Could you repeat the entries below exactly, but only from the line with "Papier de nettoyage" through the line with "Thảm lau chân", and without any picture?

Material for this exercise –
|---|

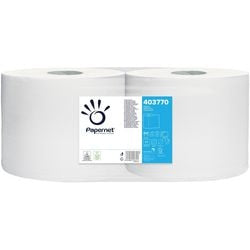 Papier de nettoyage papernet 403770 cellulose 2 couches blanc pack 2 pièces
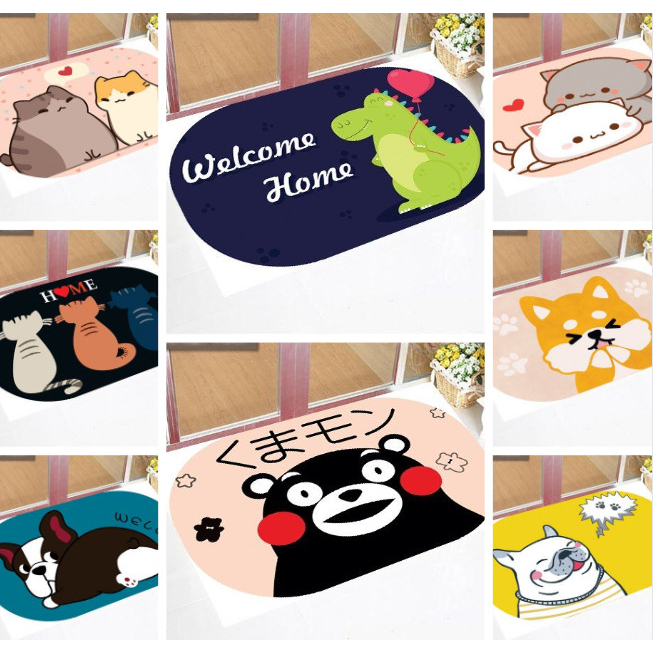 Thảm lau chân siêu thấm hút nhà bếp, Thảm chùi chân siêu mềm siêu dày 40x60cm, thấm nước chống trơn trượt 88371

|---|

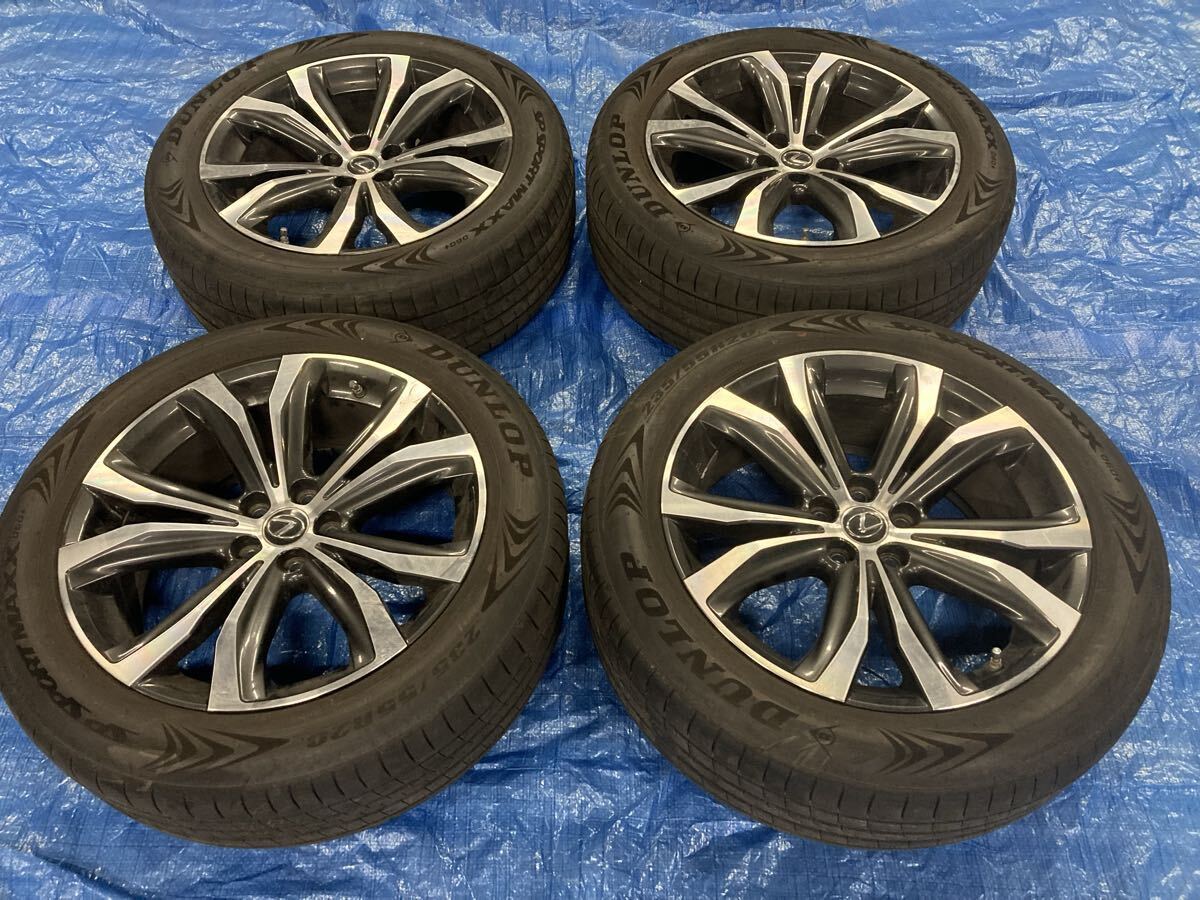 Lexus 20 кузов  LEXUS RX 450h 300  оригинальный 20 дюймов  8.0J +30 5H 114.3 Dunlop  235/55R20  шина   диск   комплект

|---|

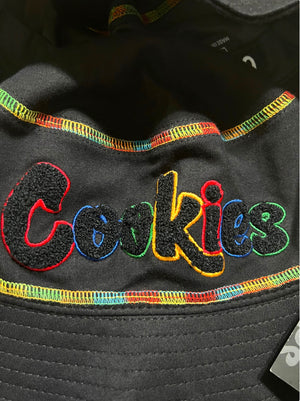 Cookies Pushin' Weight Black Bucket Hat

|---|

Answer –
 Papier de nettoyage papernet 403770 cellulose 2 couches blanc pack 2 pièces
 Thảm lau chân siêu thấm hút nhà bếp, Thảm chùi chân siêu mềm siêu dày 40x60cm, thấm nước chống trơn trượt 88371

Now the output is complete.